The underground room has been a mystery to us for a long time, there have been many ghost stories told about it since way back... I had forgot about it until I was walking my dog, I had my trusty G10 at hand and jumped in...

the entrance is very well hidden, and can't be seen from the path through the woods, I photographed it from above looking towards the trail,






it is about 3 foot by 4 foot and drops down by about 2 foot.





The room (which is now flooded) is big enough for an adult to crawl in and sit up.

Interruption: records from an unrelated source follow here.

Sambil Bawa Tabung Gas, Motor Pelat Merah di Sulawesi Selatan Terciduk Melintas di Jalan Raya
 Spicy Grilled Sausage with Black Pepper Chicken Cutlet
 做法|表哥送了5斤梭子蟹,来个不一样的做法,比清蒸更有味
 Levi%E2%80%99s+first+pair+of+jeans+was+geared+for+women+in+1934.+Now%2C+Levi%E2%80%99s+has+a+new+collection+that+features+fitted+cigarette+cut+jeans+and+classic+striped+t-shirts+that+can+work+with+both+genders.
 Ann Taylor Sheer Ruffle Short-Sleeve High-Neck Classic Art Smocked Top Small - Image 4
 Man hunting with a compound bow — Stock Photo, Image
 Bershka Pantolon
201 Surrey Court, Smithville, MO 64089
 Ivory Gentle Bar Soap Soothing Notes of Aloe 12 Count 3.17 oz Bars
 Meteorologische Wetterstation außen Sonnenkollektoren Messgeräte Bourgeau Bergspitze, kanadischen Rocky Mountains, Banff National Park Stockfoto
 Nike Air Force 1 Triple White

As kids we used to speculate about an underground complex (obviously full of zombies ) this came from us believing that there was a collapsed tunnel entrance in the room on the left.

I have no idea what this is or was... but I'd love to know!


----------



## RandomHero (Aug 16, 2009)

Nice pictures man...that last pics quality i rearly like it the purple colours are rearly nice
zombies i still imagin there there now lol i think too many zombie films and a love of resident evil has worped my mind lol

still excelent find mate ...


----------



## Urban Mole (Aug 16, 2009)

Its obviously quite old, judging by its build materials.
But I would say that it was proberbly used later on in WW2 as a Aux bunker, looks just right, although a little small.


----------



## Black Shuck (Aug 16, 2009)

Urban Mole said:


> Its obviously quite old, judging by its build materials.
> But I would say that it was proberbly used later on in WW2 as a Aux bunker, looks just right, although a little small.



Sort of Home Guard job Mole?


----------



## Urban Mole (Aug 17, 2009)

Yes, the British resistance


----------



## steve_o (Aug 17, 2009)

old school ROC post!


----------



## Engineer (Aug 18, 2009)

*UG Room.*

Do you have a NGR or FlashEarth location, may assist with identification?


----------



## Random (Aug 18, 2009)

If there is a large house nearby it could be an ice store.


----------



## Gibbo (Aug 18, 2009)

Very nice!


----------



## Engineer (Aug 18, 2009)

*UG Room.*

I'll take a guess at a well or a spring?


----------



## mexico75 (Aug 18, 2009)

Thats what I though, looks like a dried up natural spring to me. Don't think there's any military link TBH it looks nothing like an auxillary unit hide.


----------



## magaz (Aug 19, 2009)

There are no buildings remotely near it... I don't think there ever has been either...

http://www.flashearth.com/?lat=53.757079&lon=-2.346938&z=17.2&r=0&src=msa

It's literally in the middle of the woods!

Theres another "bunker", much bigger, about 15 minutes walk away from it... I'm going up that way today so I'll get some shots of that too...


----------



## Engineer (Aug 19, 2009)

*Bunker.*

Not much on the OS maps!


----------